Email: awilson@liquidmediagroup.co

(Name, Telephone, E-mail and/or Facsimile number and Address of Company Contact Person)

 

Securities registered or to be registered pursuant to Section 12(b) of the Act:

 

Common Shares, without Par Value YVR NASDAQ Capital Market
(Title of Class) Trading Symbol Name of Each Exchange on Which Registered

 

 

 

Securities registered or to be registered pursuant to Section 12(g) of the Act: NONE

 

Securities for which there is a reporting obligation pursuant to Section 15(d) of the Act: NONE

 

Indicate the number of outstanding shares of each of the issuer’s classes of capital or common stock as of the close of the period covered by the annual report: 10,875,568 common shares (as of March 1, 2021).

 

Indicate by check mark if the registrant is a well-known seasoned issuer, as defined in Rule 405 of the Securities Act.

☐ Yes      ☒ No

 

If this report is an annual or transition report, indicate by check mark if the registrant is not required to file reports pursuant to Section 13 or 15(d) of the Securities Exchange Act of 1934.     ☐ Yes      ☒ No

 

Indicate by check mark whether the registrant (1) has filed all reports required to be filed by Section 13 or 15(d) of the Securities Exchange Act of 1934 during the preceding 12 months (or for such shorter period that the registrant was required to file such reports), and (2) has been subject to such filing requirements for the past 90 days.

☒ Yes     ☐ No

 

Indicate by check mark whether the registrant has submitted electronically every Interactive Data File required to be submitted pursuant to Rule 405 of Regulation S-T (§ 2.405 of this chapter) during the preceding 12 months (or for such shorter period that the registrant was required to submit such files).

☒ Yes     ☐ No

 

Indicate by check mark whether the registrant is a large accelerated filer, an accelerated filer, a non-accelerated filer or emerging growth company.
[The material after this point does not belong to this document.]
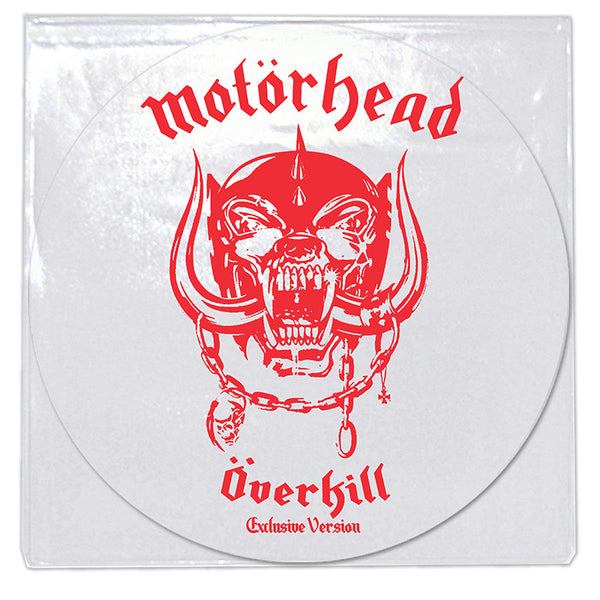 Overkill Motorhead Vector Motörhead - Overkill (Limited Edition White LP) (Out of Print) Breakin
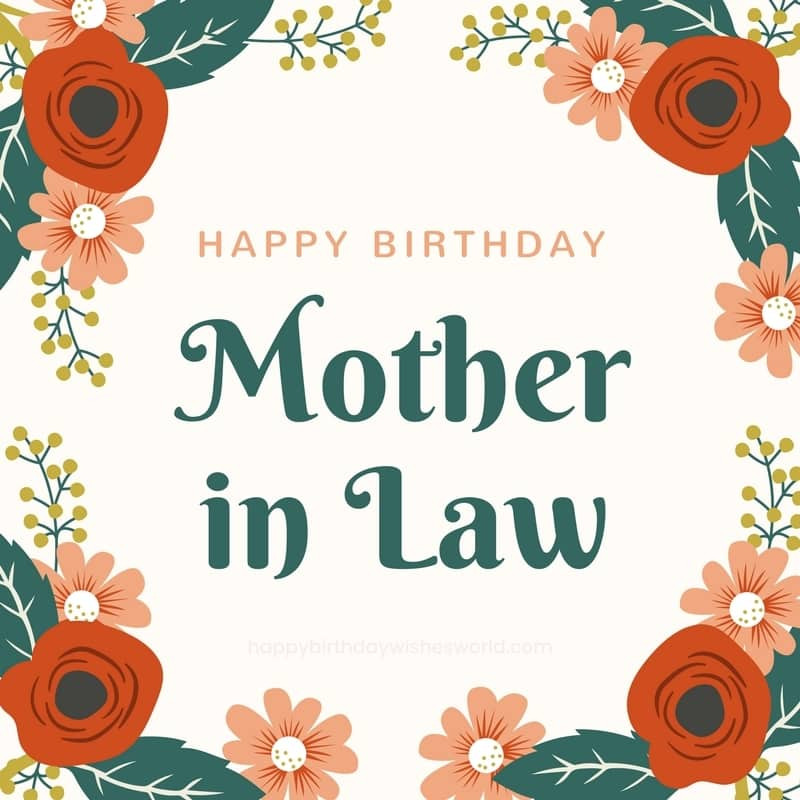 Birthday Wishes To Mother In Law
 120 Happy Birthday Mother in Law Wishes Find the perfect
See definition of “accelerated filer” and “emerging growth company” in Rule 12b-2 of the Exchange Act. (Check one):

 

Large accelerated filer ☐  Accelerated filer ☐  Non-accelerated filer ☒
       
      Emerging Growth Company ☐

 

If an emerging growth company that prepares its financial statements in accordance with U.S. GAAP, indicate by check mark if the registrant has elected not to use the extended transition period for complying with any new or revised financial accounting standards † provided pursuant to Section 13(a) of the Exchange Act.  ☐

 

Indicate by check mark which basis of accounting the Registrant has used to prepare the financial statements included in this filing:

 

U.S. GAAP ☐  International Financial Reporting Standards as issued by the International Accounting Standards Board ☒  Other ☐

 

 

If “Other” has been checked in response to the previous question, indicate by check mark which financial statement item the Company has elected to follow.

Item 17 ☐ Item 18 ☐

 

If this is an annual report, indicate by check mark whether the registrant is a shell company (as defined in Rule 12b-2 of the Exchange Act). ☐ Yes      ☒ No

 

 

 

EXPLANATORY NOTE

 

This Amendment No. 2 (this “Amendment No. 2”) to the Annual Report on Form 20-F for the fiscal year ended November 30, 2020, initially filed on March 3, 2021 (the “Original Filing”), and restated by Amendment No. 1 on April 15, 2021 (the “Restated Filing”) is being filed solely to (i) file Exhibit 2(d), a description of the rights of the holders of the Company’s securities that are registered under Section 12 of the Securities Exchange act of 1934, and to amend the exhibit index accordingly, (ii) file Exhibit 23.1, Consent of Davidson & Company LLP, and to amend the exhibit index accordingly, (iii) furnish the Interactive Data File disclosure with respect to the Company's restated audited consolidated financial statements for the years ended November 30, 2020, 2019 and 2018 as Exhibit 101 in accordance with Rule 405 of Regulation S-T, which was not included with the Restated Filing, (iv) include hyperlinks to each listed exhibit as required by Form 20-F, in accordance with Rule 105 of Regulation S-T; and (v) update the certifications of the Company's executive officers as of the date of this Amendment No. 2 in accordance with Rule 12b-15 under the Securities Exchange Act of 1934, as amended.

 

Other than as expressly set forth above, this Amendment does not, and does not purport to, amend, update or restate any other items or disclosures contained in the Restated Filing and does not reflect events occurring after the date of the Restated Filing. This Amendment consists solely of the cover page, this explanatory note, the exhibit index and the exhibits filed herewith.

 

Pursuant to Rule 405 of Regulation S-T,the Interactive Data Files filed herewith are deemed not filed or part of a registration statement or prospectus for purposes of Sections 11 or 12 of the Securities Act of 1933, as amended, are deemed not filed for purposes of Section 18 of the Securities Act of 1934, as amended, and otherwise are not subject to liability under those sections.

 

Item 19. – Exhibits

 

Exhibit No.

 

Description
1.1 Certificate of Incorporation and Articles and amendments to the Articles and Memorandum of the Company, incorporated by reference from prior filing as Exhibit 3.1 to the Form F-3, filed with the SEC on September 24, 2007.
1.2 Notice of Articles, incorporated by reference from prior filing as Exhibits 99.1 and 99.2 to the Form 6-K filed with the SEC on February 3, 2010.
2(d)* Description of Securities
4.1 Further Amended and Restated Shareholder Rights Plan Agreement, incorporated by reference from prior filing on Form 6-K filed with the SEC on July 7, 2015.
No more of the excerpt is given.